§ **TASK OBJECTIVE**
Copy only what lies from the line containing "Фото приготовление рецепта: Пицца" through the line containing "مقتل 18 شخصاً في حادث تحطم حافلة بالمكسيك" in the entries below, keeping both end lines exact and dropping every picture.

§ **EXERCISE INPUTS**
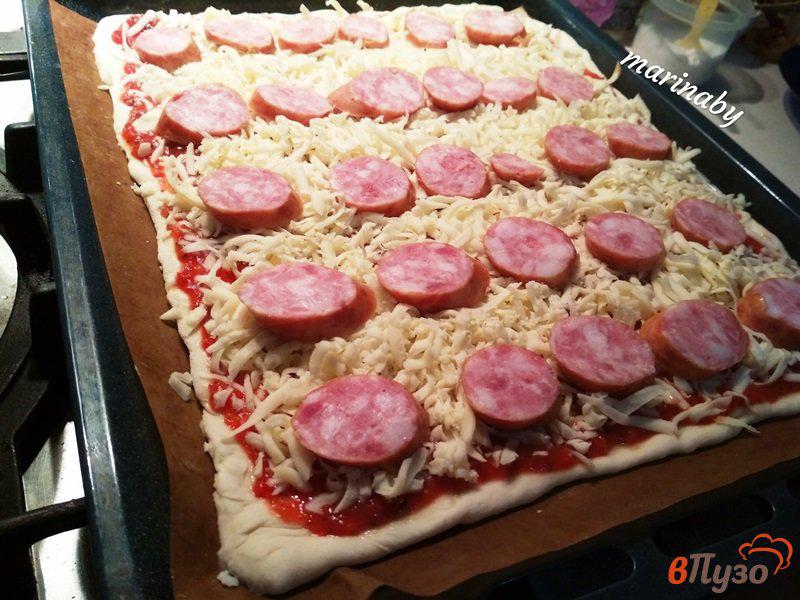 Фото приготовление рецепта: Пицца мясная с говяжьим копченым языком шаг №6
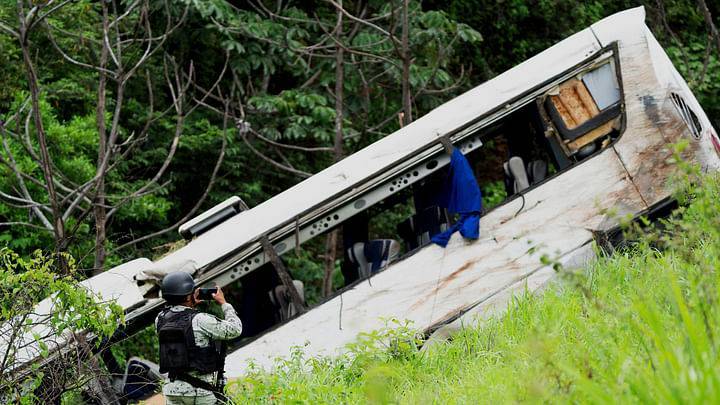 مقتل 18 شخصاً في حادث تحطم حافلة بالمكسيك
* * *
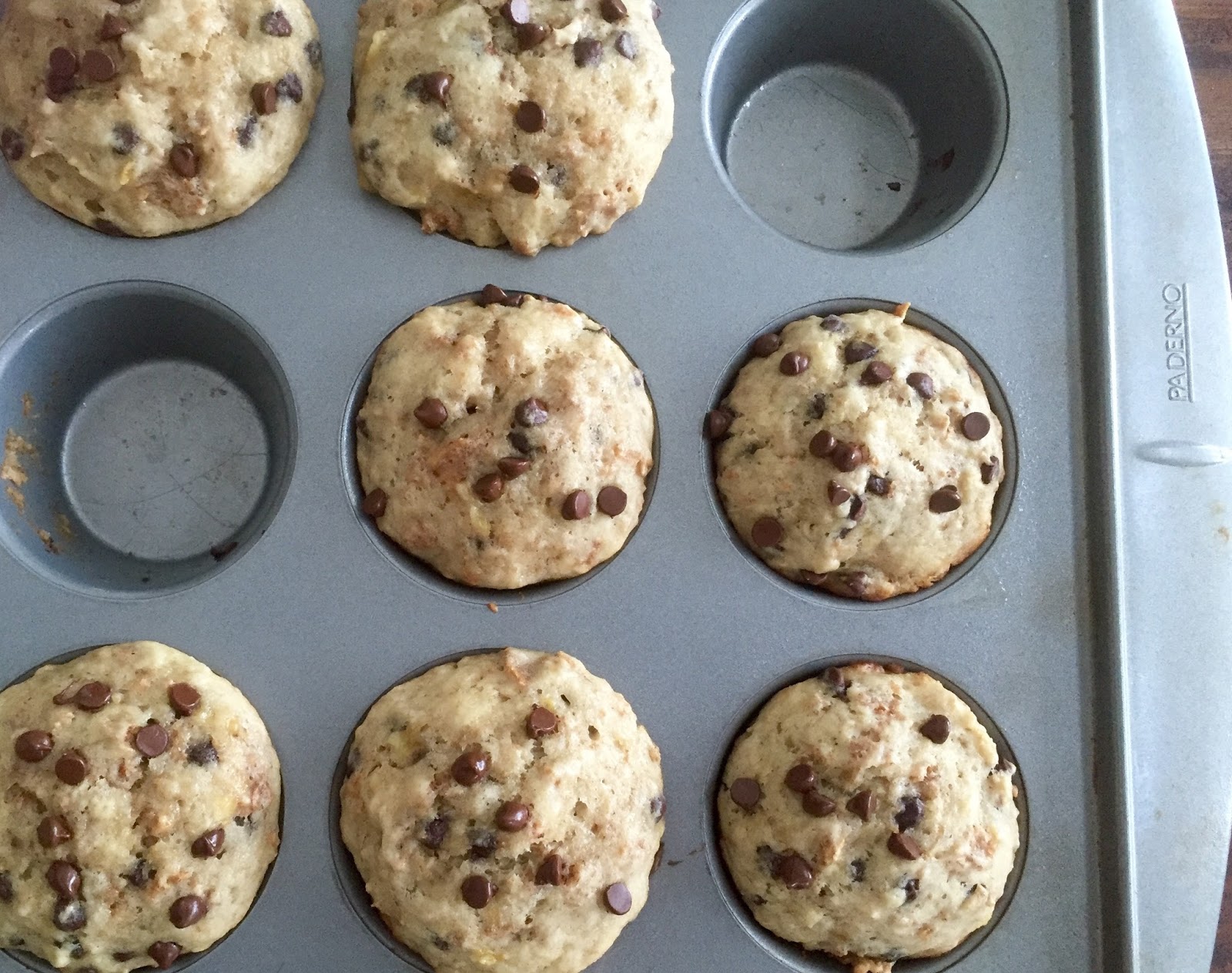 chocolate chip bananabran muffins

§ **RESPONSE TO THIS EXERCISE**
 Фото приготовление рецепта: Пицца мясная с говяжьим копченым языком шаг №6
 مقتل 18 شخصاً في حادث تحطم حافلة بالمكسيك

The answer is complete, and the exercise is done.